- _EXERCISE DESCRIPTION_
Repeat exactly the lines of the records below, starting at the line containing "安米集团斥资10.4亿美元收购，开启全球钢铁市场新篇章" and ending at the line containing "Installation Dinner". Leave the pictures out.

- _RECORDS PROVIDED_
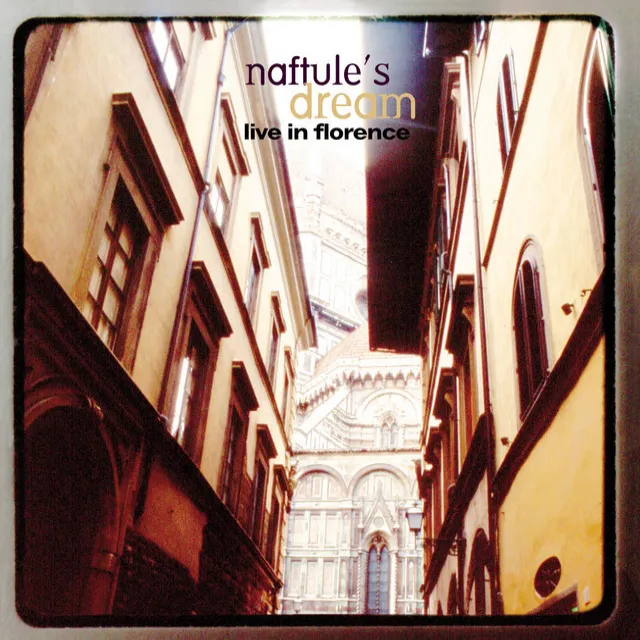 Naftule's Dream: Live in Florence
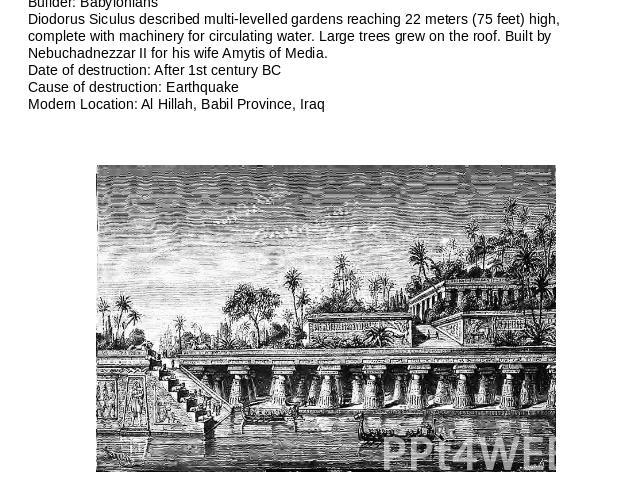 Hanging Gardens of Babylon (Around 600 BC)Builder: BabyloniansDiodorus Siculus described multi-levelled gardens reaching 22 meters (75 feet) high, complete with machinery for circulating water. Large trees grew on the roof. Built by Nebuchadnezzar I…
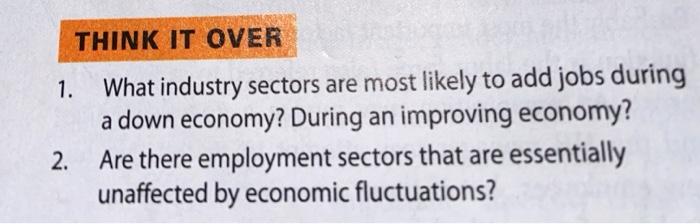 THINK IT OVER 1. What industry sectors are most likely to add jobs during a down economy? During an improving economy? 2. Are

--

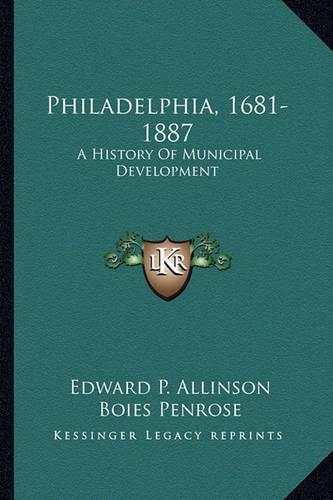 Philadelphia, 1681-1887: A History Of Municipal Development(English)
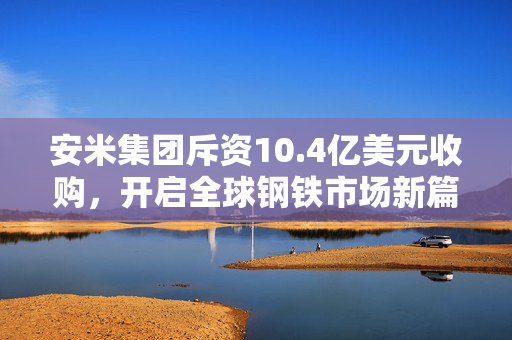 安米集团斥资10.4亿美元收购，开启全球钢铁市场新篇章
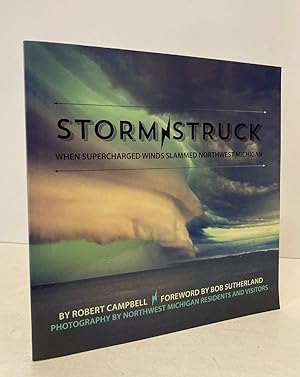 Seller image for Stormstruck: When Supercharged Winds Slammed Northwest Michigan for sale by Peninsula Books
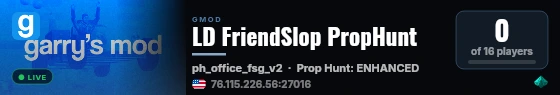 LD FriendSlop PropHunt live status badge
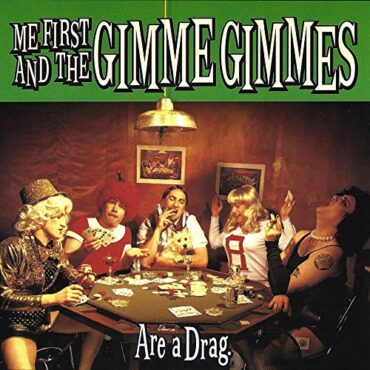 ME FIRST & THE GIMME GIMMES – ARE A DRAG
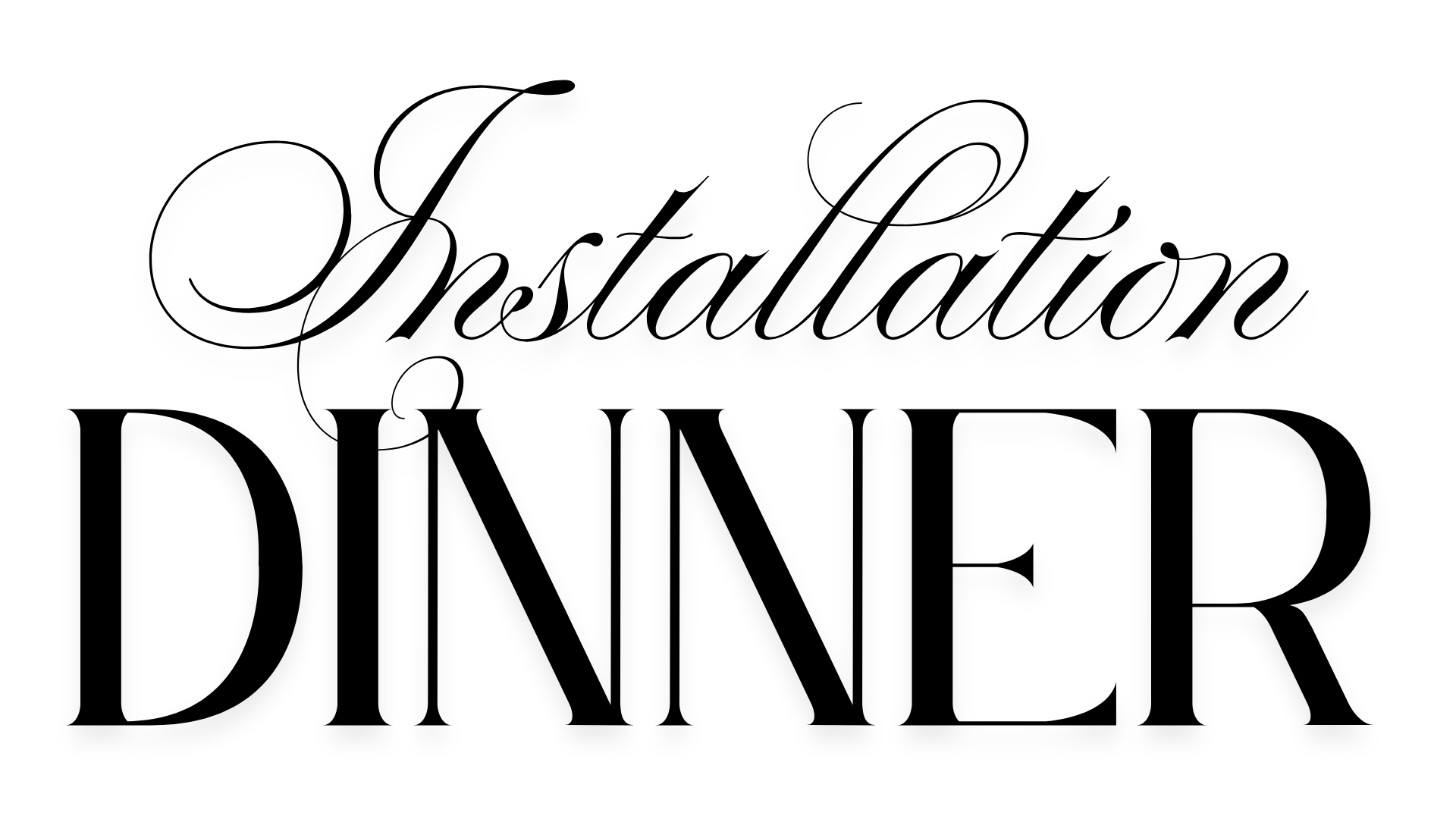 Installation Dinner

- _EXERCISE ANSWER_
 安米集团斥资10.4亿美元收购，开启全球钢铁市场新篇章
 Seller image for Stormstruck: When Supercharged Winds Slammed Northwest Michigan for sale by Peninsula Books
 LD FriendSlop PropHunt live status badge
 ME FIRST & THE GIMME GIMMES – ARE A DRAG
 Installation Dinner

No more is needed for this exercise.